07/11/08 | by Carolyn Jackson [mail] | Categories: Jerrold Nadler, Barack Obama, Bill Clinton, Bob Barr, John Birch Society, Georgia

It’s primary time in North Georgia where I visited last week. The signs are everywhere, in store windows, on lawns, on the side of the road, and most prominently, in my hometown of Summerville, on the sides of vintage pickup trucks that have been dispatched in the service of the incumbent tax commissioner.

There are also races for sheriff, county commissioner and state legislators. As in many locales these days, none of the signs designates the party of the candidate advertised. You can’t even find the party affiliation of the candidates in the local newspaper, although I assume that it will appear on the ballot.

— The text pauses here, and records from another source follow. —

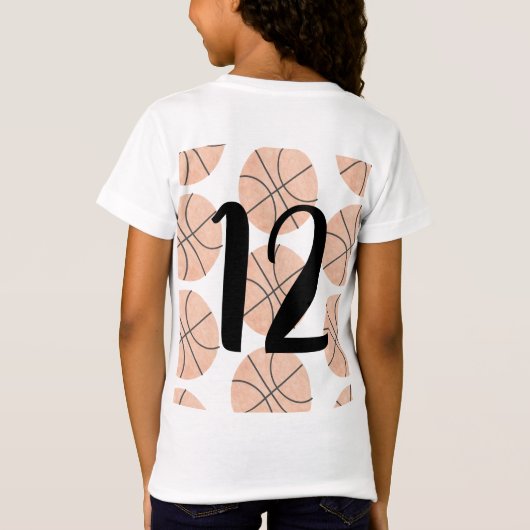 Waterverf Basketball Birthday Shirten voor meisjes T-shirt (Achterkant)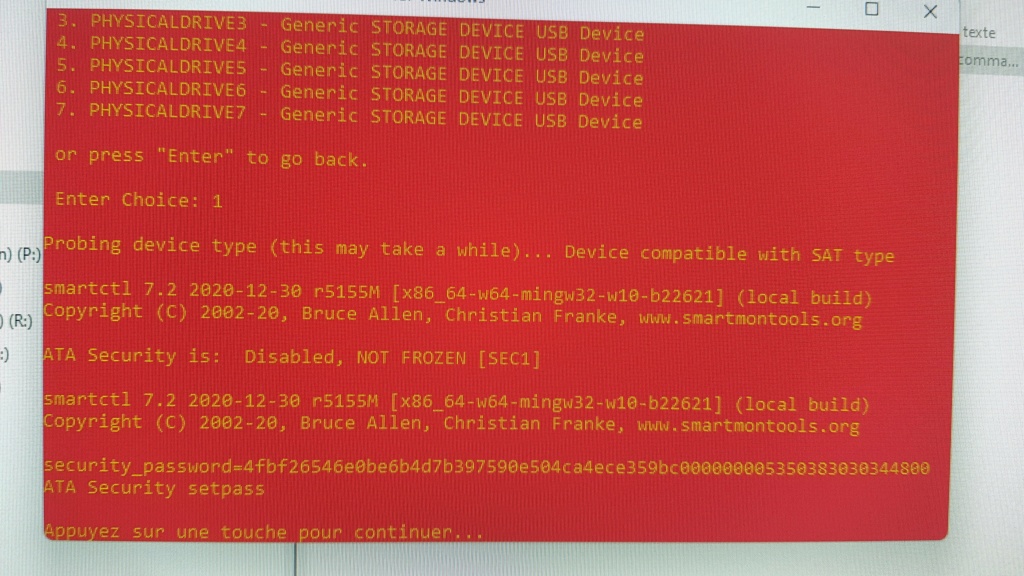 SOS expert modder XBOX : disque locké avec XBoxHDM/smartctl, mais impossible à delocker 20221020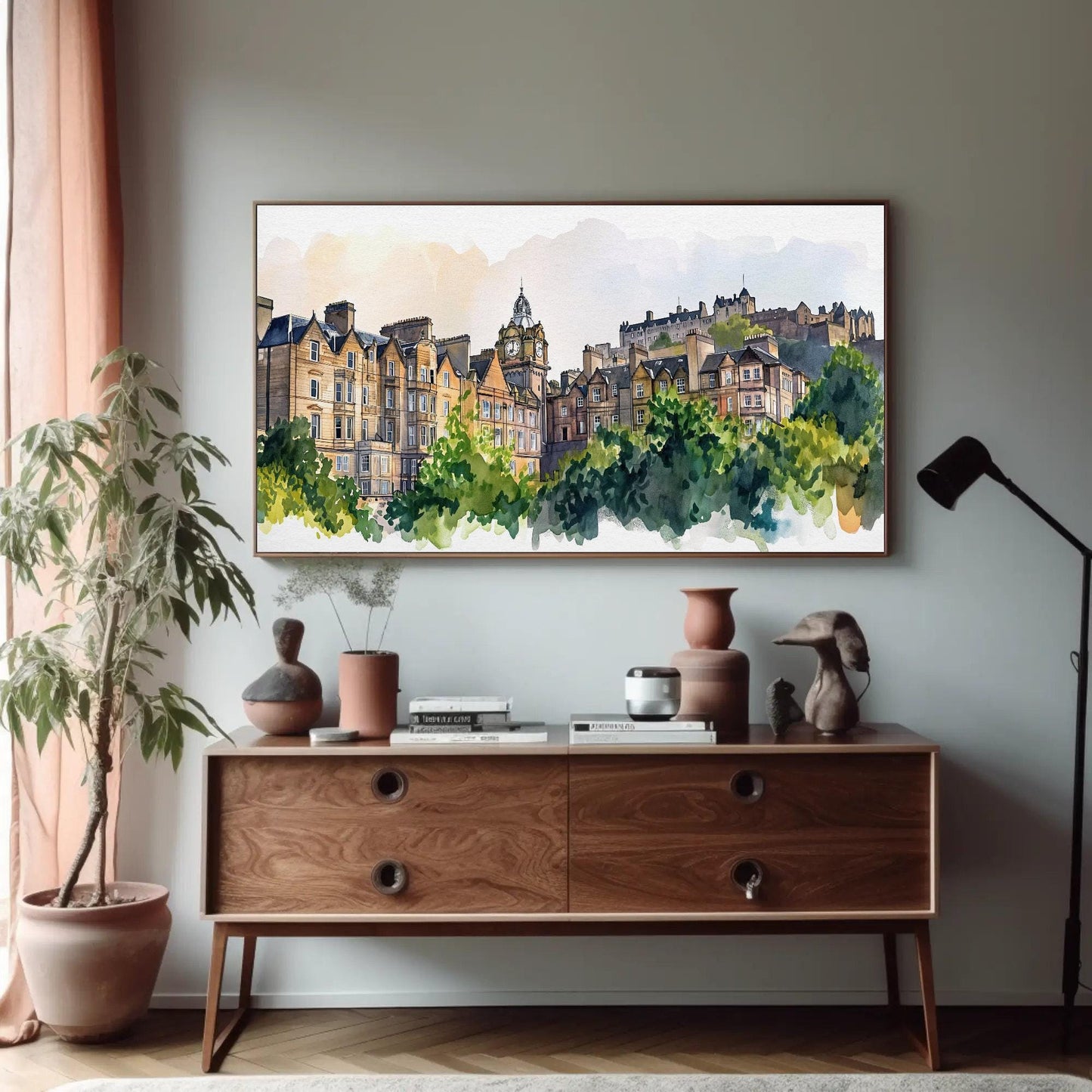 Edinburgh Scotland canvas wall art shown in a styled room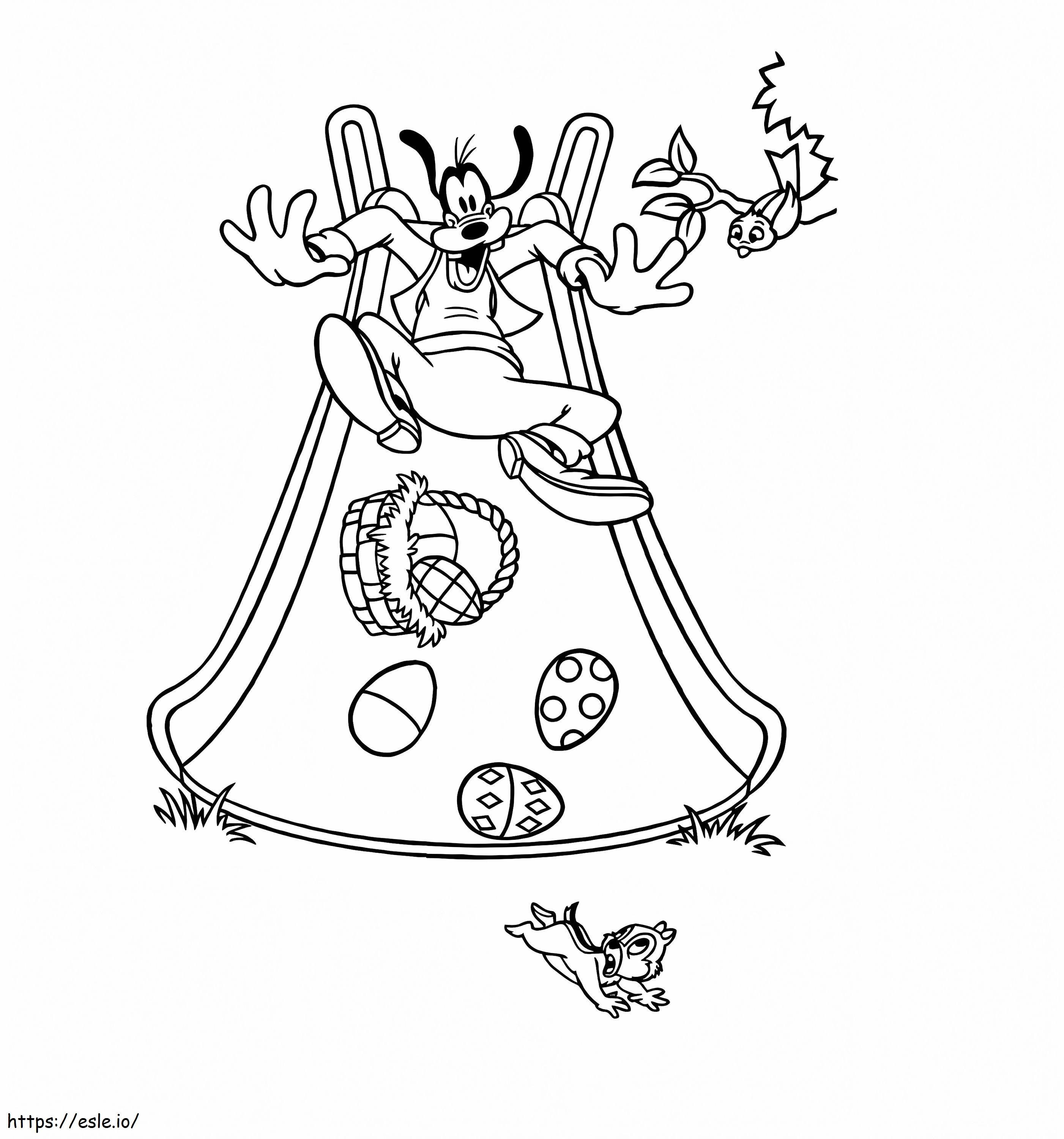 Goofy With Easter Basket coloring page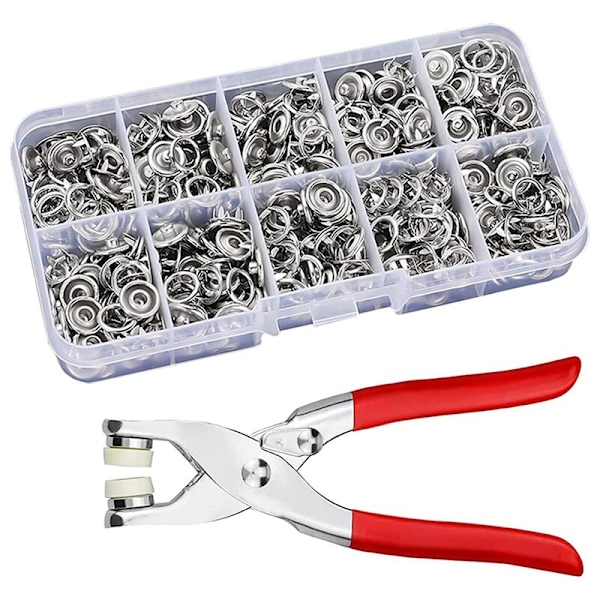 100 st Snapfästen Set, Metall Snapfästen med Tång, Syfri, Barnficka, Startpaket 9,5 mm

So it was interesting when I paid a visit to my brother’s drug store across from the Chattooga County courthouse to hear a man delivering packages raving loudly that he didn’t think much of a community that would let liberals park on its streets.

Follow up:

His rant ran something like this: the cherry red pick-truck at the curb is the property of a liberal who could only have financed it with inherited family wealth and is an obviously a member of the Democratic party and therefore unfit for public office. As a matter of fact, the truck shouldn’t even be allowed to park downtown.

I had heard about this fellow, a military retiree who dispenses his political opinions as he trucks around the county. No one seemed to know much about him besides his first name, John, but the presiding drug store clerk, the niece of the local Democratic party chair, tried to enlighten him. “I happen to know,” she said emphatically, “that she and her family live from paycheck to paycheck just like the rest of us. A relative loaned her those trucks for her campaign, and I think they’re nice.”

This did nothing to stop his tirade against inherited liberal wealth, but, the clerk said it was the first time she’d heard him use “the D word.”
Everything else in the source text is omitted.